Eyeing the technology talent gap.
As we continue to evolve as an industry and redefine standards, there is one glaring challenge facing us all -- the IT talent gap. Over the next 10 years, for every computer science college graduate, there will be two technology positions available. The number of technology professionals simply isn't matching up to the need and demand for this critical talent.
Of particular concern within this talent gap is the disparity between men and women in the field. During our 2013 CIO survey, 61% of respondents acknowledged they believe women are under-represented in their IT departments.
These numbers line up with statistical data that shows an 11% decrease in the number of women IT professionals between 1996 and 2012. The numbers are alarming.
Taking steps in the right direction.
Harvey Nash has recognized the need for more diversity in IT, and we are extremely committed to supporting and encouraging women in pursuit of their IT career goals. Starting in 2005 with our Executive Women in IT Networking Group in Chicago, we began developing and launching programs designed to both address (and solve) the IT talent gap, while simultaneously nurturing careers for women in technology.

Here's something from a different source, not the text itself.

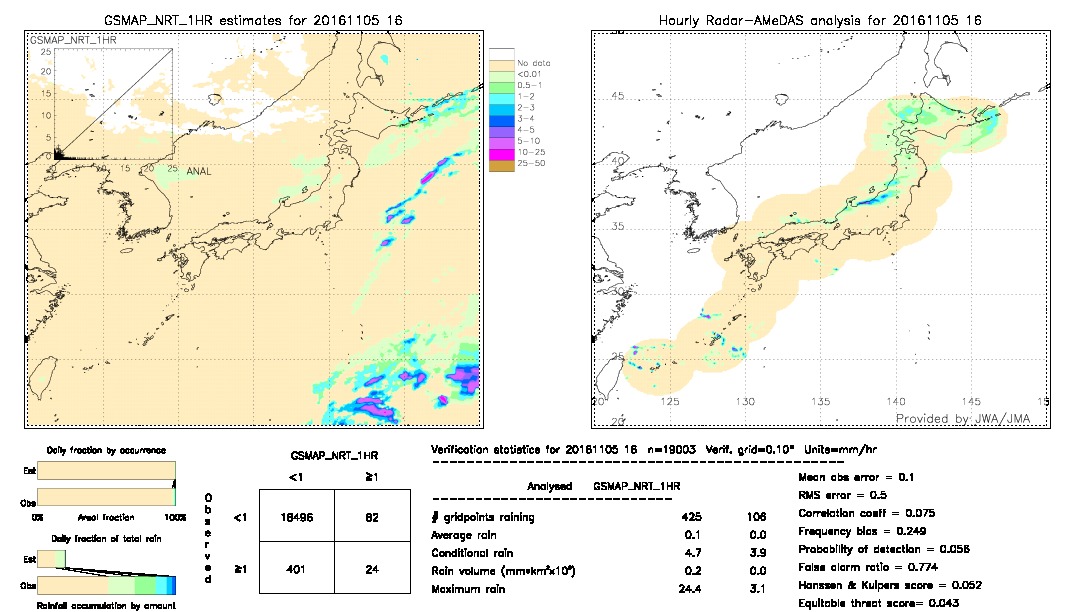 GSMaP NRT validation image.  2016/11/05 16 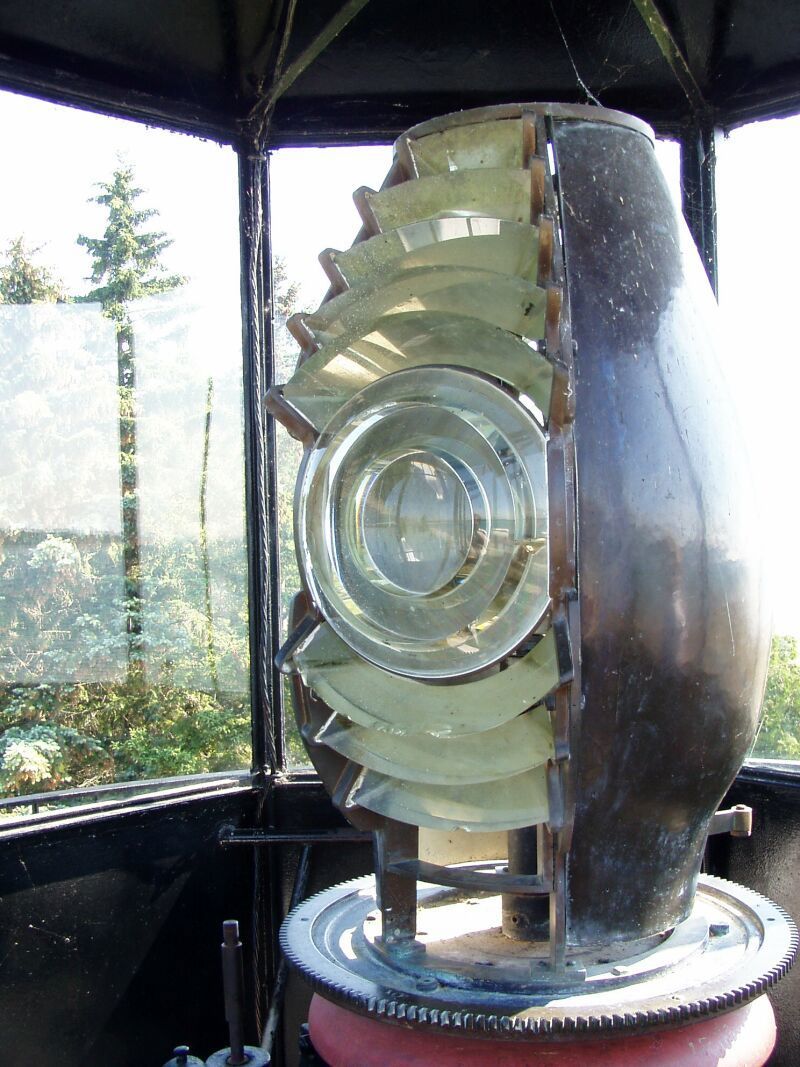 Old Presque Isle Light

We have a lot going on when it comes to supporting today's tech talent (and encouraging tomorrow's!). We've just launched a new web page dedicated to our women in technology programs, but here is a rundown of some of the programs here in the US:
* Executive Women in IT Networking Group - Back in 2005, a small group of women IT leaders in Chicago started getting together regularly to talk about career challenges in IT -- including a key member of our team here at Harvey Nash. Fast forward nine years and you have a dynamic group of more than 150 women IT executives meeting regularly to offer support, encouragement and career advice to promote and retain women in senior technology roles. Due to this group's incredible success, we are looking to replicate the model in other technology hotbeds across the US.
* ARA - Designed to Attract, Retain and Advance women in technology, ARA was conceived after members of the original Executive Women in IT Networking Group realized that there was still a striking need for this type of organization supporting up and coming women in IT. Through mentoring programs and a range of events, ARA brings senior and junior women in IT together in support of successful technology careers.
* Harvey Nash Tech Women of Tomorrow - Addressing the IT talent gap -- and encouraging women in IT -- requires encouragement and support at all levels of a career. That includes before IT careers even truly begin. With Tech Women of Tomorrow, Harvey Nash is partnering with high schools to encourage and support young women in their senior years of high school in pursuit of math, science and technology courses. Through the Tech Women of Tomorrow program, we hope to demystify what a career in IT really looks like, and provide realistic expectations of key roles young women may land upon successfully completing their college education in computer science.
Through these programs, we hope to continually support and encourage diversity in the field of information technology we are so lucky to work in. Additionally, by doing our part, we expect to keep moving toward a full closing of that IT talent gap that faces many organizations.